Invalsi, l’esattezza non coincide con la verità

Ernesto Paolozzi, docente di Storia della Filosofia contemporanea presso l'università Suor Orsola Benincasa di Napoli

Il sottosegretario all’Istruzione, Giuseppe De Cristofaro, in un’intervista rilasciata a Cronache di Napoli e di Caserta ci ha ricordato che esiste una questione aperta circa la valutazione di scuole, insegnanti e alunni. Penso sia, per tanti aspetti, quella più importante. Non ha nascosto che nel governo vi sono prospettive culturali diverse, come è naturale che sia in un governo di coalizione. Si è detto in parte scettico (mi pare che anche il ministro Lorenzo Fioramonti lo sia) circa la validità del sistema di valutazione adottato dall’Invalsi (l’istituto che misura, o dovrebbe misurare, la qualità della scuola italiana) e, infatti, ha aggiunto che la scuola non deve formare studenti con una grossa quantità di dati in testa ma formare il pensiero complesso. Non a caso il maggior teorico della complessità, Edgar Morin con il quale ho tante volte dialogato, pubblicò un volume di grande successo, ‘Una testa ben fatta’, che riprendeva già dal titolo un aforisma del filosofo del Cinquecento, Michel de Montaigne,“meglio una testa ben fatta che una testa ben piena.”
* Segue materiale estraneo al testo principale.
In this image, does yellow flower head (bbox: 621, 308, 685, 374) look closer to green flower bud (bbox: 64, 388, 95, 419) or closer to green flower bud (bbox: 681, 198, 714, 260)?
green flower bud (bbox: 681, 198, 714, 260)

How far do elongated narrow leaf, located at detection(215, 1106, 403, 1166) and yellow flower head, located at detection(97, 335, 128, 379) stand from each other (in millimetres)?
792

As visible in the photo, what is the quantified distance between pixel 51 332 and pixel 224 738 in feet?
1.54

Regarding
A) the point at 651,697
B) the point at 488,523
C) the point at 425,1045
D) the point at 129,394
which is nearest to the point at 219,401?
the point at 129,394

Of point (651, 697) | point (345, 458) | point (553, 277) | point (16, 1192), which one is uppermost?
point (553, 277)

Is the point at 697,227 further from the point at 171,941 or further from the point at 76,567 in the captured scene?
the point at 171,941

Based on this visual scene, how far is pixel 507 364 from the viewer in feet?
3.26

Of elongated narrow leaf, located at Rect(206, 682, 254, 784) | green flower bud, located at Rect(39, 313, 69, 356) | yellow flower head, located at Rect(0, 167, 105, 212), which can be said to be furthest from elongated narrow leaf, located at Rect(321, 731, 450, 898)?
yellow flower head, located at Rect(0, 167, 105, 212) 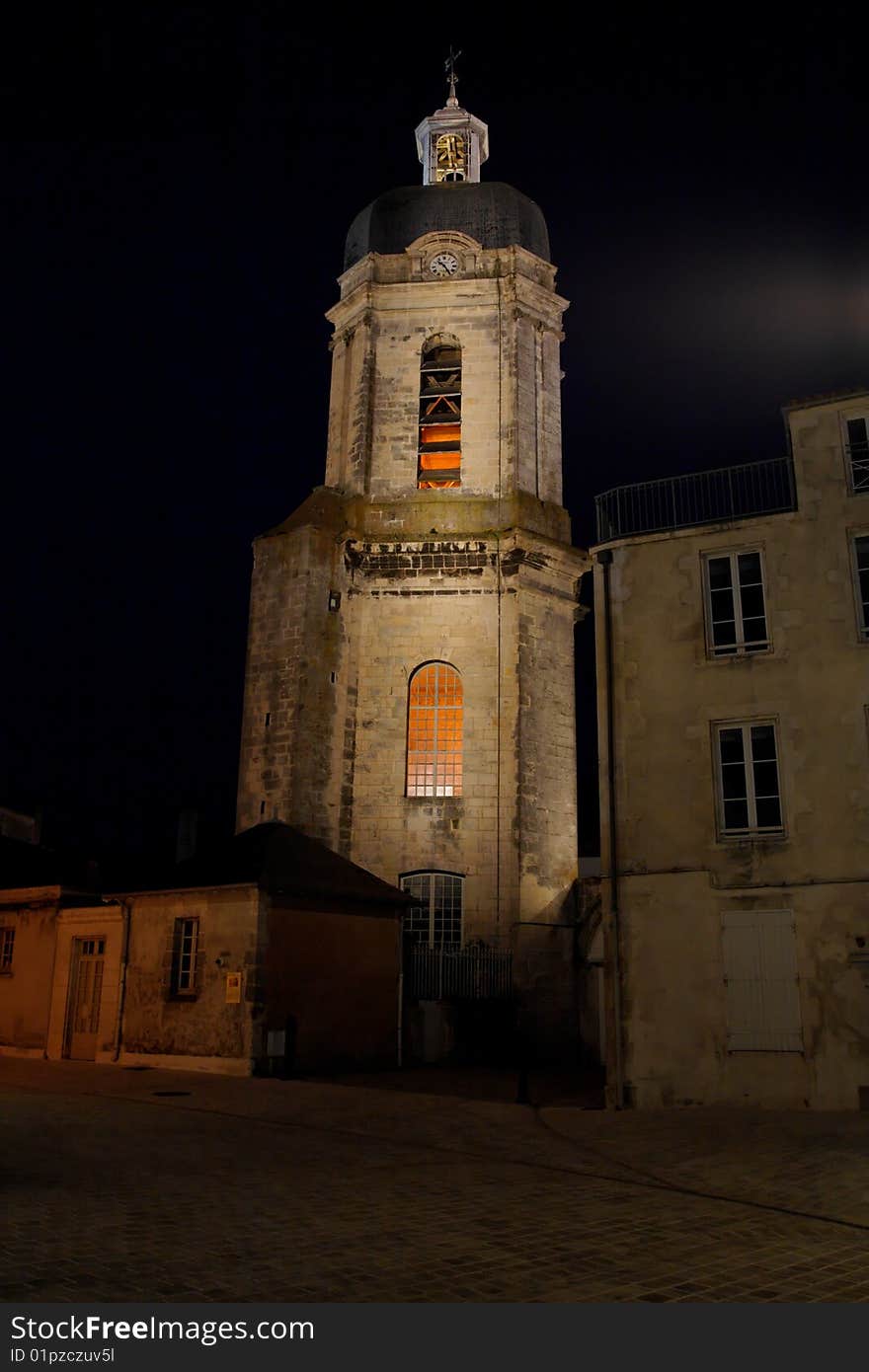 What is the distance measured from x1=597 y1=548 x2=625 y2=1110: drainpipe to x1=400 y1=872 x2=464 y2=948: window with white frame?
10.1 meters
Sono ormai decenni che si pratica l’idea che è possibile raggiungere una valutazione oggettiva del sapere ma dovunque il sistema della formazione si mostra in regresso. Questa decadenza è dimostrata sia a dar retta alle valutazioni oggettive sia al buon senso, all’intuito che spesso ci guida. Se, è la domanda che ci dobbiamo porre, fra le cause di questa generalizzata regressione ci fosse anche quella di affidarsi ad un metodo di valutazione che al massimo produce teste ben piene ma certo non ben fatte? Sulla formazione di un giovane ha parte rilevante la famiglia, naturalmente, la società nel suo complesso, le condizioni economiche e sociali di provenienza degli alunni. Ma il metodo di insegnamento è fondamentale. Se il metodo è astratto, astorico, acritico come è quello in vigore è difficile che si possa progredire verso un sistema della formazione all’altezza di una società complessa e in rapidissima trasformazione. Noi, se ci va bene, ammaestriamo. Di certo non educhiamo i giovani. Perché, dunque, tanta insistenza? Perché le istituzioni preposte alla valutazione sono ormai carrozzoni clientelari, luoghi di potere? Probabile, ma non è il motivo principale. Mi sembra più cogente mettere in rilievo un pregiudizio ormai antico e in parte giustificato, la presunta propensione di una certa sinistra egualitaria tardo sessantottina (involontariamente alleata con i fannulloni) a non volersi far giudicare, a liquidare come potere borghese ogni forma di valutazione. Non è un caso che i più favorevoli al sistema vigente sono gli ex comunisti, diciamo i preti spretati del cosiddetto riformismo. Scontano un antico complesso. Ma questa è acqua passata. Più perniciosa è la credenza che esista una verità oggettiva, delle risposte esatte, e che il sistema dell’educazione debba conformarsi a quelle verità. Ma l’esattezza e la verità non coincidono.

La conoscenza si costruisce, non si scopre. La verità si fa, non si trova. Non solo tutti i grandi filosofi del Novecento ma anche gli scienziati più importanti, da Heisenberg a Ilya Prigogine, concordano sul negare valore di oggettività a questi criteri di valutazione che per il solo fatto di essere criteri sono soggettivi. Chi stabilisce il criterio per scegliere i criteri? Insomma bisognerebbe superare la mentalità tardo positivista che permea parte della cultura accademica e giornalistica italiana. Valutare sì, dunque, ma con giudizio. Allo stato attuale si rischia di penalizzare i meno abbienti, gli svantaggiati, gli intelligenti e gli innovatori (chiamiamoli pure eccellenze) in favore di un’aurea mediocrità. Altro che meritocrazia.